A Stitch in Time: Christmas update
We haven’t heard from Jane in a little while as she’s been busy enjoying Christmas and watching her belly pop out. But after a few people asked how she was doing on Twitter, I thought I’d give her a prod to give us an update. Here you go!
So, it finally arrived, the big 24 week mark! To be completely honest there were times around the 16-17 week mark, during very dark moments I really never thought that this moment would arrive. The consultant’s words always ringing around my head about ‘if’ we make it to 24 weeks.
As you can imagine I was very relieved. This meant that if I went into labour now they would do everything they could to save my baby. It meant that I could actually start believing we were having a baby. Although, I was fully aware there was only a 50% chance of the baby surviving and then there could be likely long-term health effects, so we weren’t out of the woods yet.
The consultant was very pleased with how we’d managed the last 10 weeks and how strict we’d been with my bed rest (I did wonder how many people therefore don’t follow doctor’s orders). He said the evidence of that was in my cervix length at the scan (3.5cm), BUT that a long cervix does not mean a strong cervix, and that we can’t get overconfident about that.

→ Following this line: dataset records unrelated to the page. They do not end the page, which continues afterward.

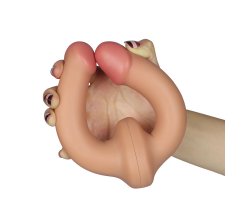 Двусторонний фаллоимитатор-страпон телесный-foto4
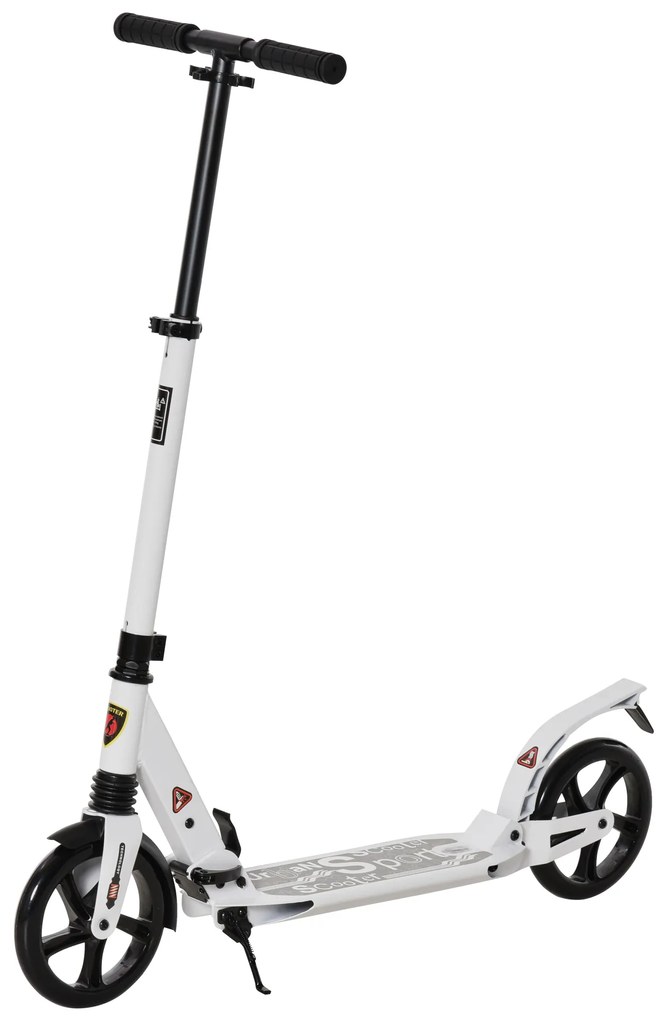 HOMCOM Trotinete dobrável altura ajustável e guiador para adultos e crianças acima de 14 anos com rodas grandes e freio Carga 100kg branco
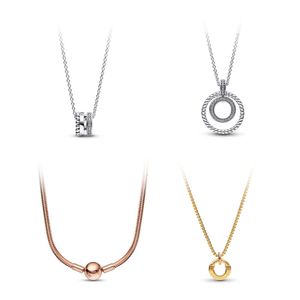 Pandoras necklace S925 Sterling Silver Ring Wave Dotted Diamond Removable Pendant Plated Rose Gold Snake Bone Designer Necklace pandoras box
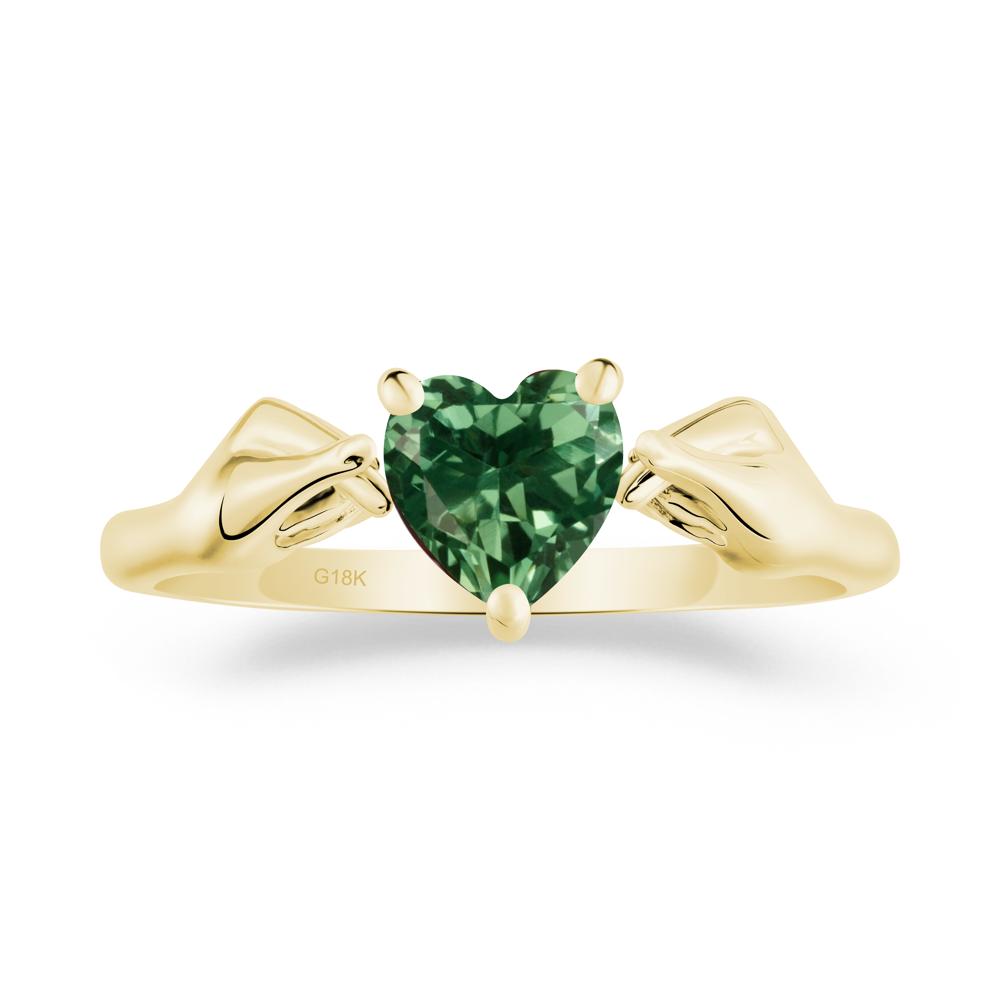Heart Shaped Green Sapphire Ring with Finger Heart - LUO Jewelry #metal_18k yellow gold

So, the big question was ‘what next’? Well the chances of going into premature labour haven’t decreased, but with each day the chances of the baby surviving outside the womb increases, especially between weeks 24 and 28, so the next four weeks are really really important. So, continued bed rest for a further four weeks (with one green card to take my husband out to a very local restaurant for dinner for his birthday), and then moderated bed rest. This means that I will be allowed out of the house, and can be up and about for a maximum of 6 hours a day. What a luxury! I’ve already started planning what I can do with my new found freedom.

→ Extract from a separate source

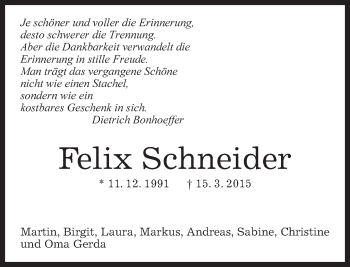 Traueranzeige von Felix Schneider von Kreiszeitung Böblinger Bote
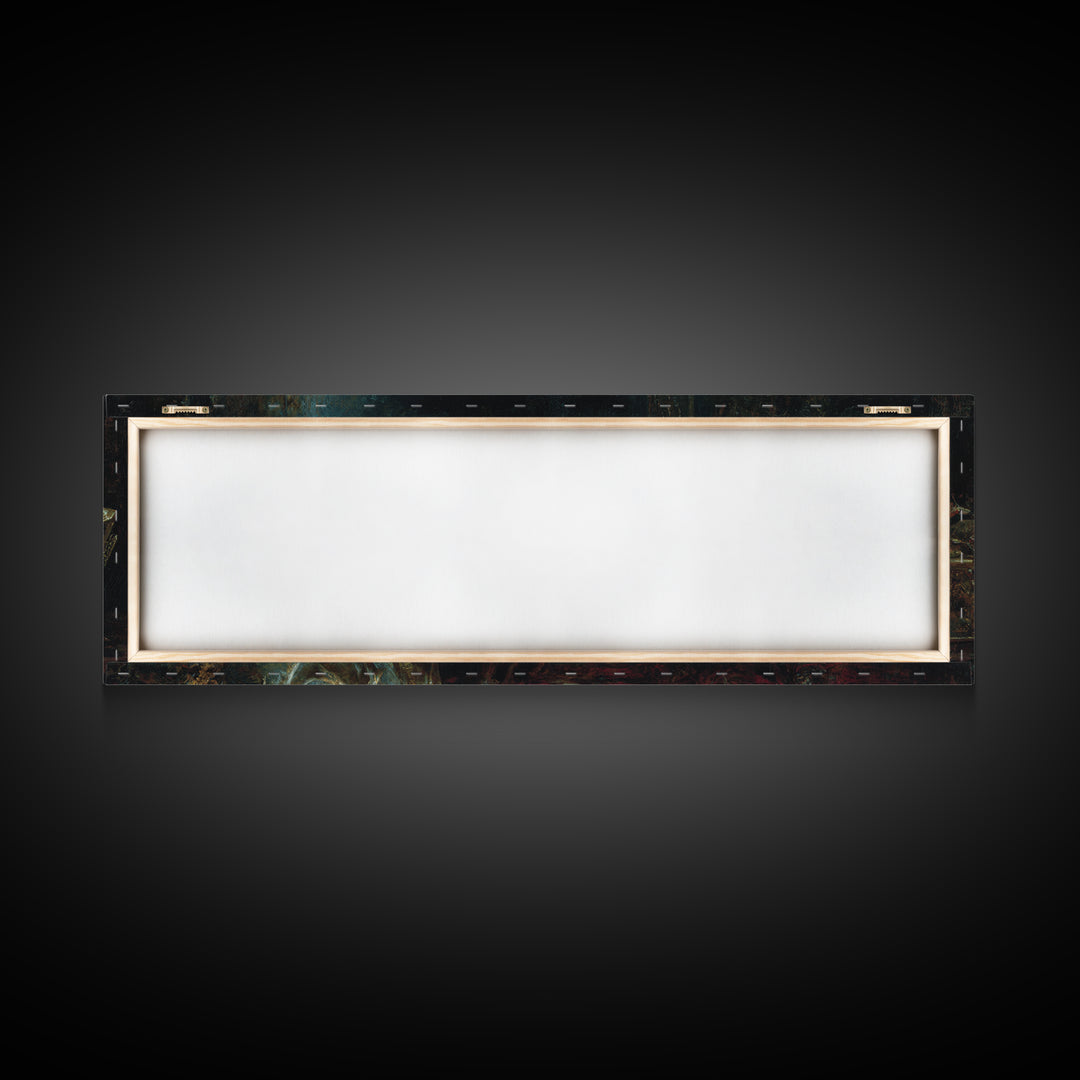 The Coffin Sleeper, Ornate Symbolist Art, Extra Wide Wall Art, Gothic Horror Wall Art, Canvas Print, Halloween Wall Art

Then, after 34 weeks when the baby is essentially as safe outside as inside the womb, I can begin ‘normal’ activity. Although I’m not sure I will be able to describe my activity as normal being rather large by then, and pretty weak after so much resting with my feet up, either way I can’t wait.
As I said, we’re not out of the woods yet, but things seem a lot brighter around here. I am feeling frustrated about not being able to get out and about, especially at Christmas time, I know hubby would love me to be able to go and sit in a cosy wintery pub with him for an hour or two, and I would have loved to have gone to my girlie Christmas dinner, see the Christmas lights and go to a Carol service, but there we have it. I am keeping in mind the big picture. I am going to have a baby, and I just about feel like I can start enjoying that fact.